It is a bright spring Saturday in Milan. In Piazza della Repubblica, the statue of Indro Montanelli sits in the public gardens that bear his name. Sculpted in bronze by Vito Tongiani, the monument shows Montanelli seated at his Olivetti typewriter. It was commissioned by the Municipality of Milan and inaugurated in 2006, meant as a tribute to one of the most influential Italian journalists of the twentieth century. On the pedestal, the engraved inscription reads: “Indro Montanelli, Journalist.” But today the statue is not simply a monument. It is the center of a long, painful debate.

The 2020 protest: The crowd gathered closest to the police cordon is young, loud, and determined. Members of the student organisation Rete Studenti Milano stand at the front, holding signs splashed with red paint—the same red they threw on the statue just days earlier, where they also sprayed at the base the words “Racist, Rapist” in black.

For the students, the statue represents a celebration without context, a public honor that ignores Montanelli’s statements on colonialism and his marriage to a twelve‑year‑old Eritrean girl. They argue that Milan cannot continue to commemorate a figure without acknowledging the harm tied to his actions.

Across the cordon stands a journalist, visibly shaken by the scene. He speaks to a small group of supporters, explaining that Montanelli’s legacy in journalism is immense, that he shaped Italian reporting for decades. Removing the statue, he says, would not correct history—it would erase it. He believes the monument should remain, perhaps contextualized, but not torn down.

A moment of confrontation: As the chants soften for a moment, the journalist and one of the student representatives find themselves unexpectedly close, separated only by a thin line of police.

“Public spaces should not glorify someone who caused harm,” the student says. “This statue stands here without any explanation. People walk by and see only a celebrated journalist.”

The journalist nods. “I don’t deny the truth. But removing him from sight won’t make the past disappear. Montanelli shaped Italian journalism. His contradictions should be explained, not erased.”

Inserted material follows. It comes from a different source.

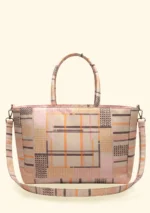 BORSONE MARE EFFEK IN CANVA CON TRACOLLA BASE BEIGE CON FANTASIA GEOMETRICA MARRONE E ARANCIO - immagine 3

So add context,” the student replies. “Add a plaque. Add a panel. Tell the whole story. But don’t pretend this statue is neutral.”

The statue stands unchanged, but everything around it has shifted. For some, it embodies racism, colonial violence, and the normalization of a painful past. For others, it represents journalistic legacy, freedom of expression, and the need to preserve history even when it is uncomfortable. And so Montanelli remains there—silent, immobile, suspended between two narratives that refuse to meet.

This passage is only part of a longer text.